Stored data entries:
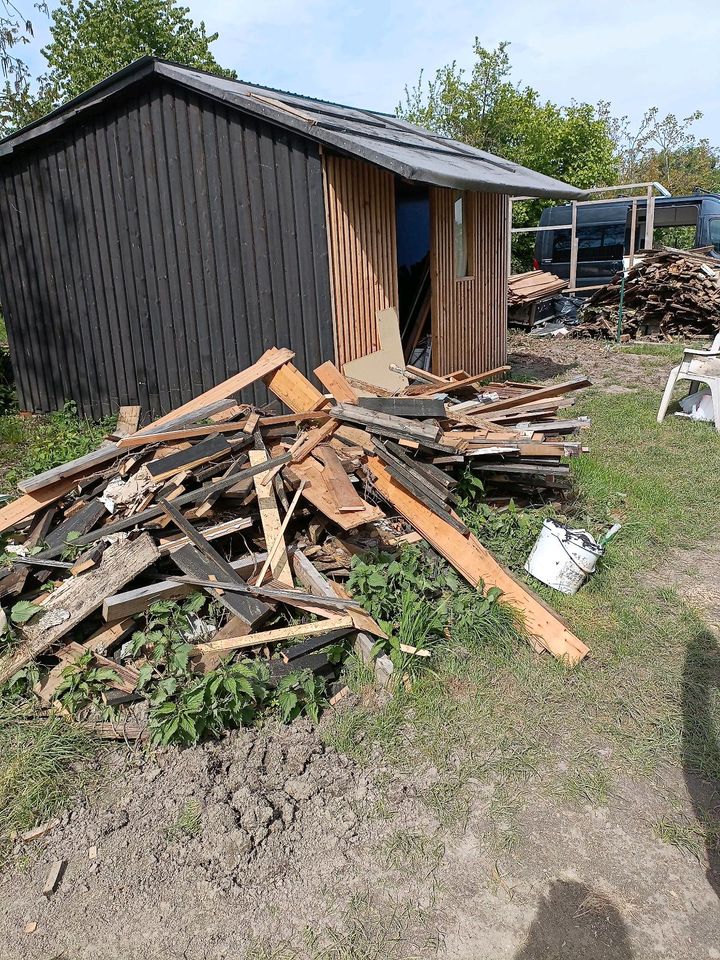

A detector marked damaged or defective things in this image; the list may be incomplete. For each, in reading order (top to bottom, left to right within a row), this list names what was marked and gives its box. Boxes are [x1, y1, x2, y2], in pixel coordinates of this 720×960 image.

splintered wood plank [114, 404, 141, 436]
splintered wood plank [141, 346, 292, 434]
splintered wood plank [262, 356, 328, 408]
splintered wood plank [316, 362, 360, 404]
splintered wood plank [148, 436, 232, 480]
splintered wood plank [249, 450, 292, 584]
splintered wood plank [284, 458, 386, 532]
splintered wood plank [314, 446, 366, 512]
splintered wood plank [366, 458, 592, 668]
splintered wood plank [0, 532, 159, 684]
splintered wood plank [193, 620, 352, 656]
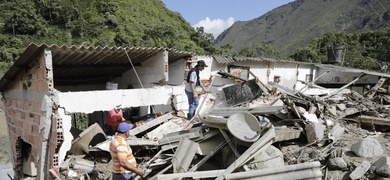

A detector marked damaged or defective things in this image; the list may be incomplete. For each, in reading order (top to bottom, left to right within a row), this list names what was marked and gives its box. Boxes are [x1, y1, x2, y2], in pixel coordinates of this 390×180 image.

broken roof [0, 43, 193, 89]
broken concrete slab [350, 138, 384, 158]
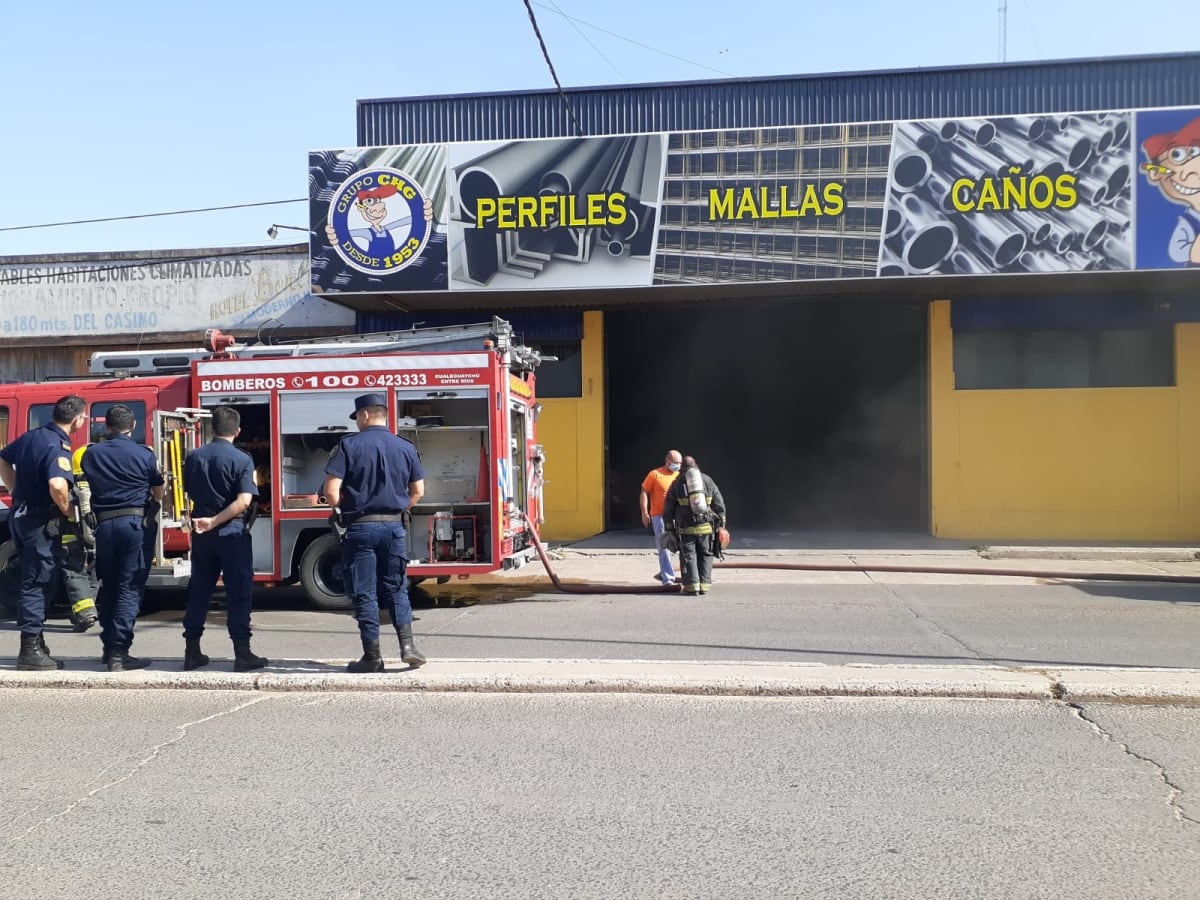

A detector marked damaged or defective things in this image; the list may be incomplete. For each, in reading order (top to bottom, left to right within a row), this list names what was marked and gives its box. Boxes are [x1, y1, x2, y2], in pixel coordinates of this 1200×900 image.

crack in pavement [7, 696, 271, 849]
crack in pavement [1070, 705, 1200, 830]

• [YOUR TASK]:
Set down only the lines from the line with "this 1200×900 image." through the last line of the data above, keeping both the first and the last.

• [WRITTEN SOLUTION]:
A detector marked damaged or defective things in this image; the list may be incomplete. For each, in reading order (top to bottom, left to right within a row), this list names what was marked and gives its box. Boxes are [x1, y1, x2, y2], in pixel coordinates of this 1200×900 image.

crack in pavement [7, 696, 271, 849]
crack in pavement [1070, 705, 1200, 830]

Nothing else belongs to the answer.